2005 année rap ? Même si novembre a été pollué par la polémique partisane du député UMP Grosdidier, il ne faudrait pas oublier les quelques hauts faits du hip hop français des douze derniers mois.
De Ali au Saïn Supa Crew
2005 année rap ? Même si novembre a été pollué par la polémique partisane du député UMP Grosdidier, il ne faudrait pas oublier les quelques hauts faits du hip hop français des douze derniers mois.
Commençons par évoquer la vraie révélation publique de 2005, Sinik. Avec La main sur le cœur, ce rappeur du 91 a réussi à fédérer le public indé et même au-delà, avec 200.000 exemplaires vendus et un buzz étonnant. Des sons simples et directs, des textes en forme de tranches de vie, un duo brillant avec Diam’s et une personnalité sombre mais forte, voilà quelques-unes des raisons qui ont conduit ce jeune artiste au top. Cœur de pierre, Le même sang, Règlement extérieur : trois des titres qui ont conduit Sinik en haut. Sérieux client pour la Victoire de la Musique catégorie rap en 2006.
Kéry James, lui, ne vient pas de débarquer : il est là depuis presque 15 ans. Son solo Ma vérité n’a peut-être pas rencontré le succès escompté, mais il n’en reste pas moins un album majeur (et sans avoir besoin de tendre le majeur, soit dit en passant, car Kéry contrôle ses poses et ses mots). Adaptation du classique de Public Enemy Rebel Without A Pause (Je revendique), autocritique poignante (En feux de détresse), version testostérone du fameux Hardcore (Hardcore 2005), duo avec Amel Bent sur instru Eurythmics (Nos rêves) : Kéry se livre à une introspection intense et instruit son public.
Un mot pour saluer un album hors normes aux lyrics très travaillés, celui du Klub Des Loosers, l’alias du rappeur Fuzati de Versailles qui nous livre le spleen du fils de banlieue riche avec une autodérision dont le hip hop classique ferait bien de s’inspirer. Vive la vie parle surtout de la mort et du suicide, mais avec un humour aussi noir que Fuzati est blanc. L’alien de 2005. Autre drôle de zèbre, Aèlpéacha, Alpha en phonétique, nous a proposé J’arrive jamais, étrange album aux mélodies west coast avec en vedette un incroyable interlude sur les codes de la rue dans le quartier des Halles à Paris.

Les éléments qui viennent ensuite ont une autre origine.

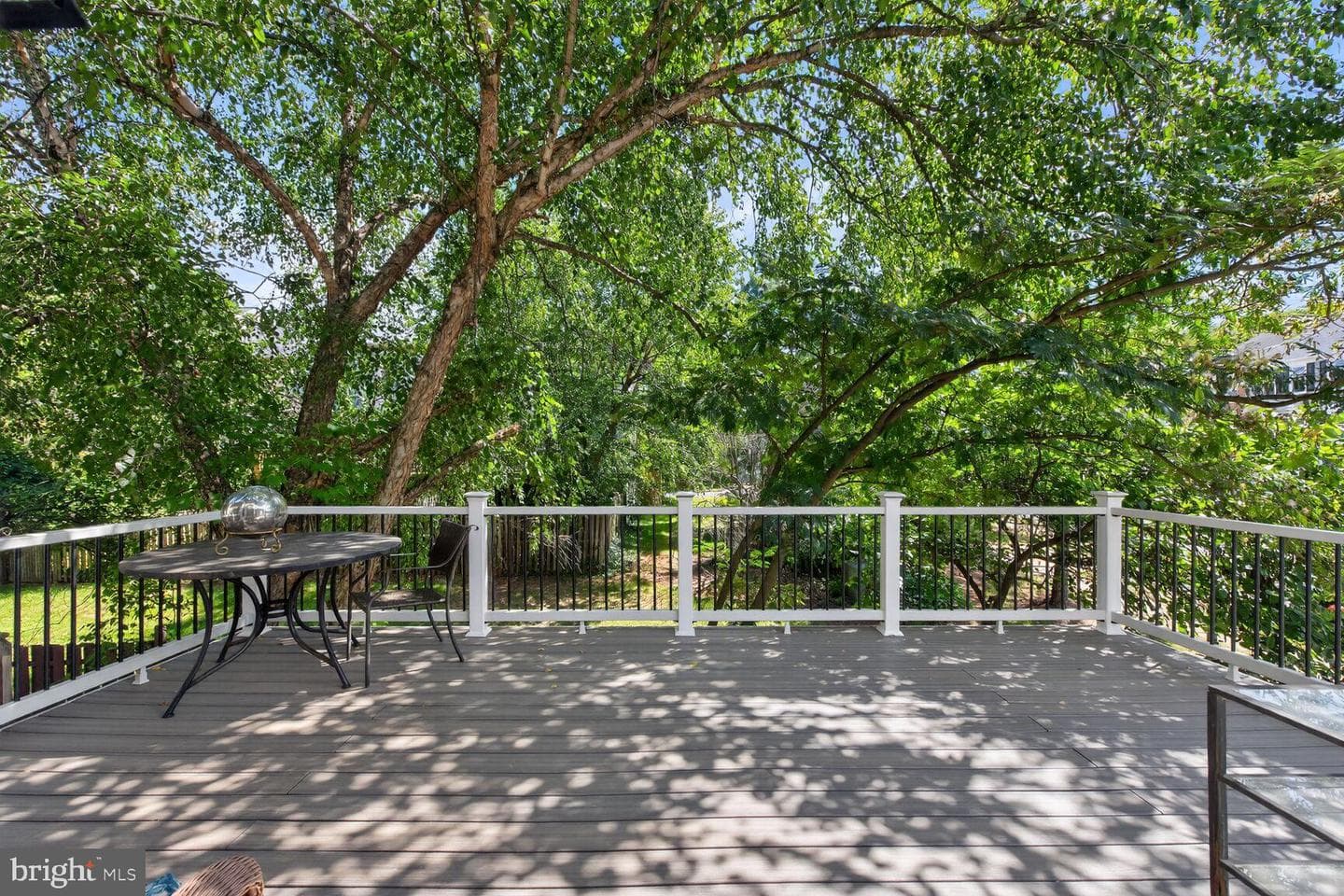 20970 Promontory Square photo 34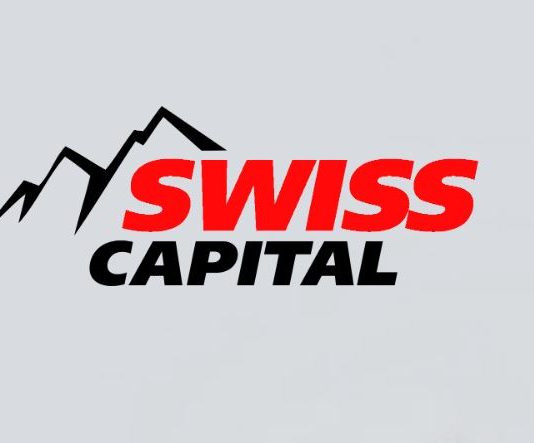 Swiss Capital Erfahrungen (swisscapital.fm) swiss capital erfahrungen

Toujours chez les indés, la bonne surprise est venue du 02, Charly-sur-Marne pour être précis. C’est là que Dernier Pro a finalisé son premier album, Visions, où on retrouve le superbe Suicide, un des titres les plus forts de ces derniers mois, boosté par un vrai violon et un piano en deuil. On attend le second de cet artiste prometteur pour courant 2006.
2005 aura confirmé la montée en puissance du r'n'b, qui flirte souvent avec le hip hop. Mais la vraie révélation féminine aura été une pure chanteuse de soul, Kayna Samet. Découverte grâce à ses featurings avec IAM (Nous) et Booba (Destinée), Kayna a explosé avec son premier solo Entre deux je. Des musiques soul qui sentent bon la sueur de musiciens plutôt que la froideur des samplers, des paroles très personnelles, un featuring de Sinik et un duo avec Mobb Deep : bref, Kayna Samet a déjà tout d’une grande.
On reste dans l’âme sombre avec Ali, rescapé du duo Lunatic et qui contrairement à son ex-complice Booba s’élève au-dessus du bitume avec le très austère mais très puissant Chaos & harmonie, d’où sortent des titres blindés et spirituels tels que Génération Scarface. Dans le mauvais, il y a du bon aussi… Le nord transmet toujours le message grâce à Tandem, héritiers putatifs de l’esprit NTM avec un album siglé 9-3, C’est toujours pour ceux qui savent. Du vécu de poissard, une trilogie sur un jugement et la fougue des warriors du rap lourd sur 93 Hardcore, un hymne qui a échappé à la vigilance des politiques mais pas à celle des vrais amateurs de hip hop lourd, écrit avec une plume trempée dans le fer rouge.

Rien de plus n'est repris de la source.